Carbon-14, the basis of radiocarbon dating, stops accumulating when the organic material in which it is found dies. Wood from an ancient house will not tell you when the house was actually built; it will tell you when the trees from which the wood came were chopped down. Similarly, the parchment on which this Qur'an was written will not date to the moment of writing, but to the death of the sheep or other animal whose skin was made into parchment. It's not unreasonable to assume that a venerated work like the Qur'an would be written on relatively fresh parchment, but it's still only an assumption.

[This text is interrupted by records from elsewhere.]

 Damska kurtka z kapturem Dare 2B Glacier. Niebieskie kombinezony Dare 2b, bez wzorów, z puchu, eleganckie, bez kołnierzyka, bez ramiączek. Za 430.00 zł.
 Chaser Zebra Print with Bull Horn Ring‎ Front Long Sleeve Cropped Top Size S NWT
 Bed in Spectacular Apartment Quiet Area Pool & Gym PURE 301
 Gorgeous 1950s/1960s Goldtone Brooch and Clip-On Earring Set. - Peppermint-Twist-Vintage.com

Neither the Tübingen press release nor the secondary accounts comment on whether the calligraphy is consistent with such an early date, though I suspect that the shortage of other early, carbon-dated manuscripts makes that hard to verify. The script is early Kufic, without vowel points and in many cases with letters unconnected; I'm not trained in such early calligraphy or epigraphy but it's very early. Despite my words of caution above, this is an exciting carbon date. (Not a new discovery, as the MS has been known but just undated.)

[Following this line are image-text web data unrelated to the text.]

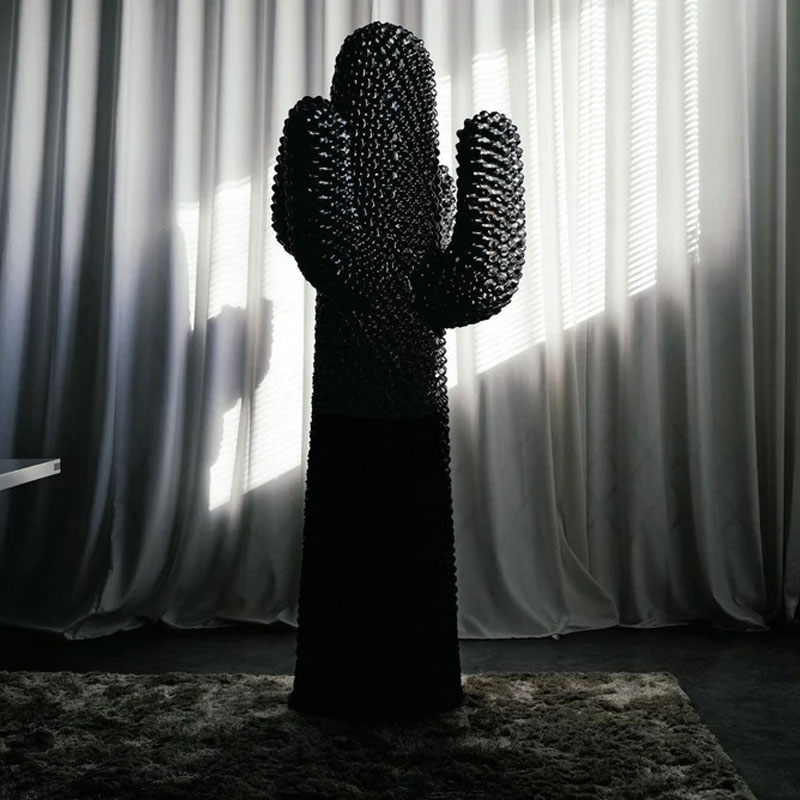 Gufram Cactus Porte Manteau sculpture Noir Mousse Drocco Mello Icônes Paris Lyon Nantes Rennes Tours Lille Bordeaux Nice 2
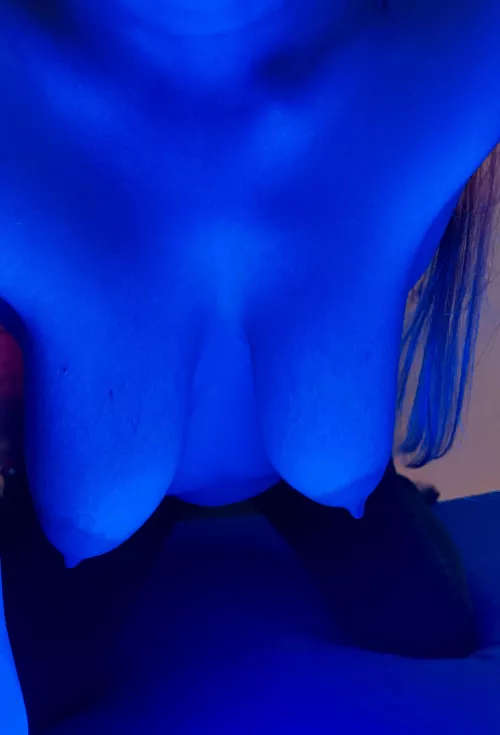 My natural saggy udders (F33) Wanna play with them?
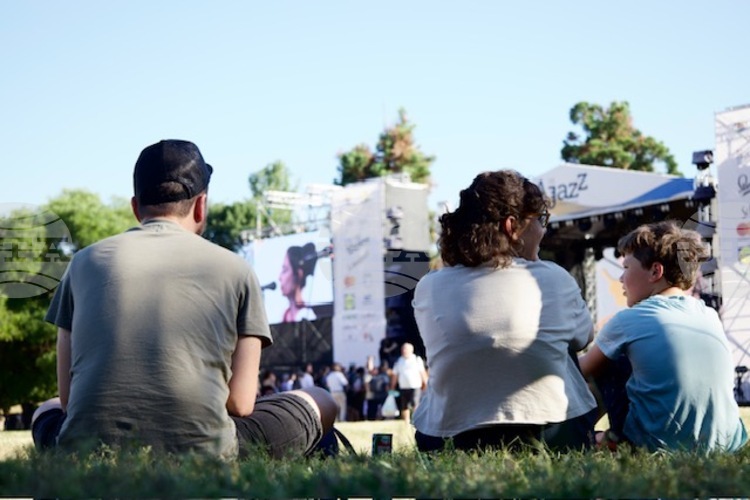 Adi Oasis To End A to JazZ Festival in Style in Sofia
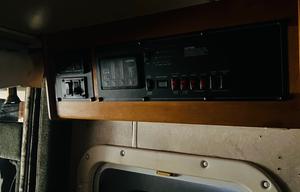 2005 Safari Trek RV rental photo 22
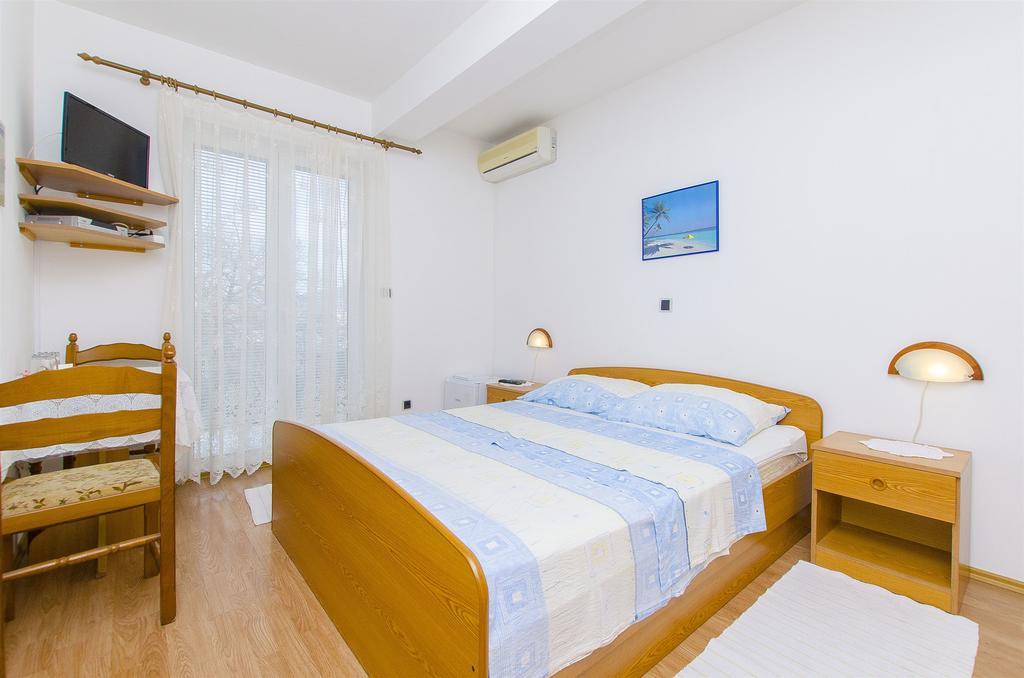 Apartments And Rooms Iva โตรกีร์ ภายนอก รูปภาพ
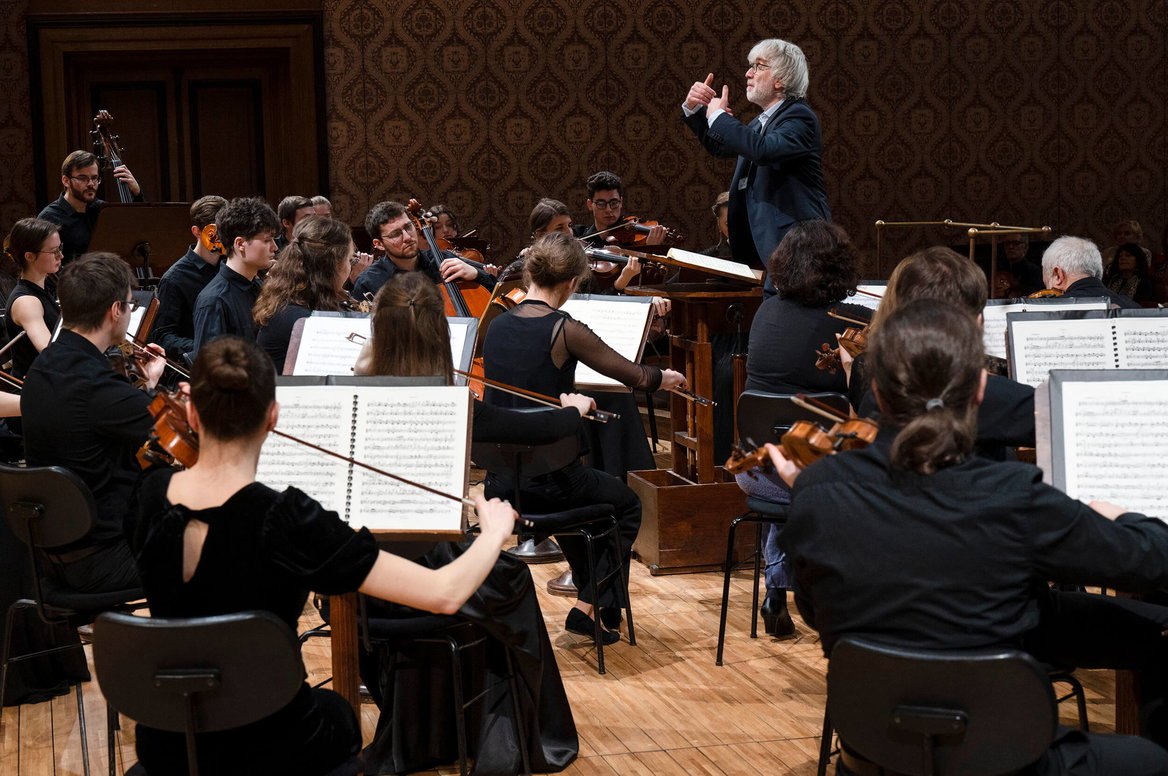  Czech Philharmonic Giovanni Antonini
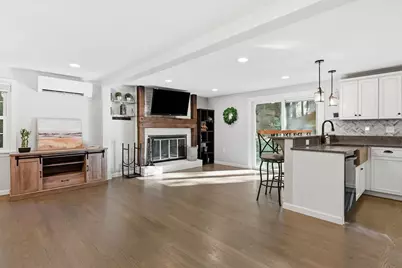 218 Heatherstone Rd, Amherst, MA 01002 - Photo 8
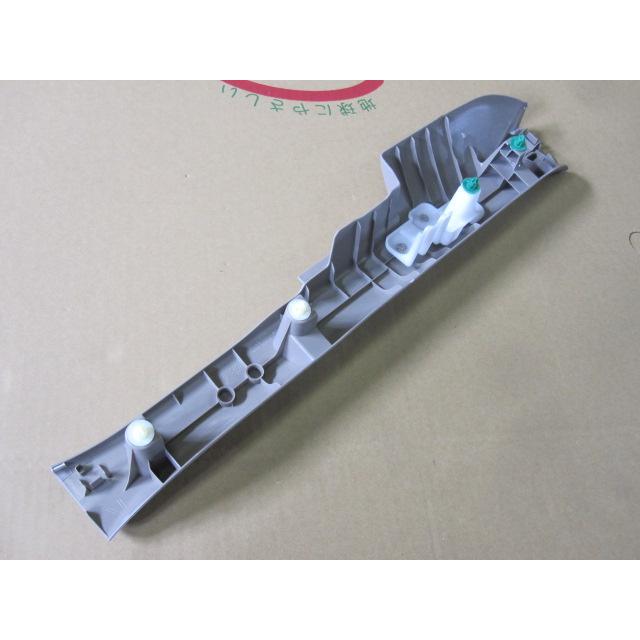 純正スカッフプレート N-BOX DBA-JF1 右フロントスカッフプレート 純正品番84201-TYO-003ZA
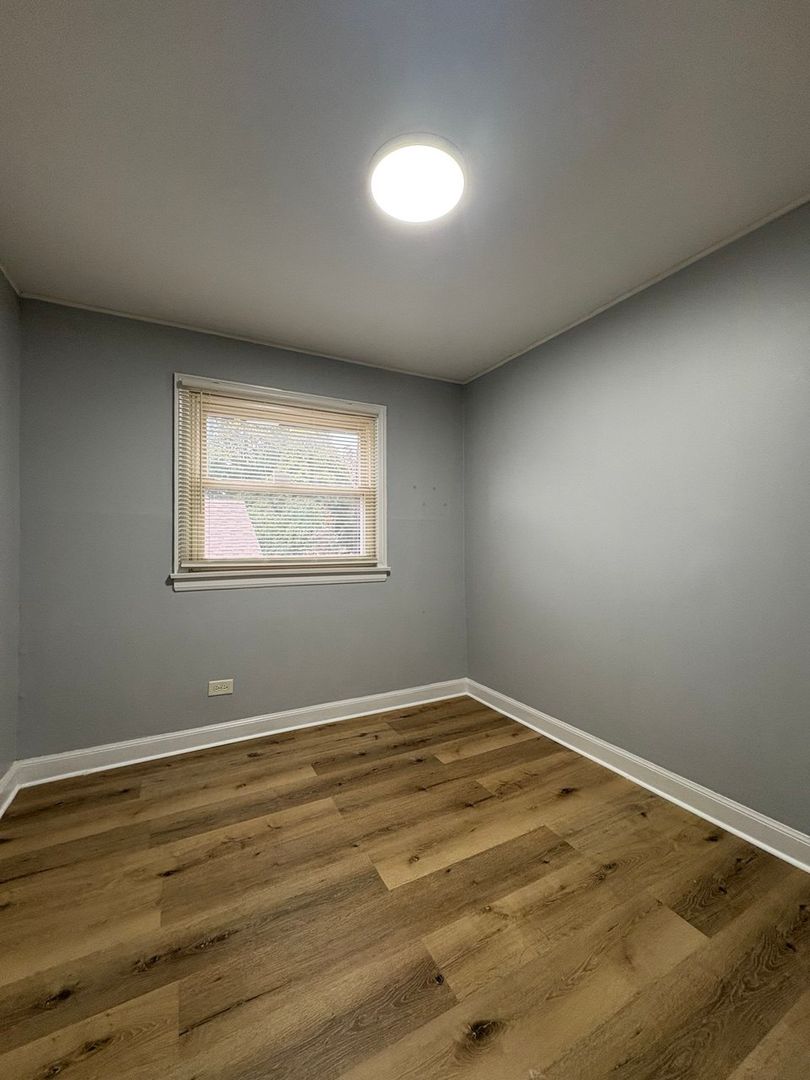 River Grove Apartment: 2560 Clinton St River Grove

The Tübingen Coranica Project has a website here.
The surviving portions contain text from Suras 17:37 to 3657. Because the MS has been part of the collection but not previously dated, a digital version is online. You can find the index page here; each link takes you to the first page off several; if you don't read German, click on "Vollansicht" (full view) to see the section.
I've actually had to try to read unpointed Kufic MSS. many years ago, but unless you do this everyday I'd recommend having a modern Qur'an with vowel points in hand.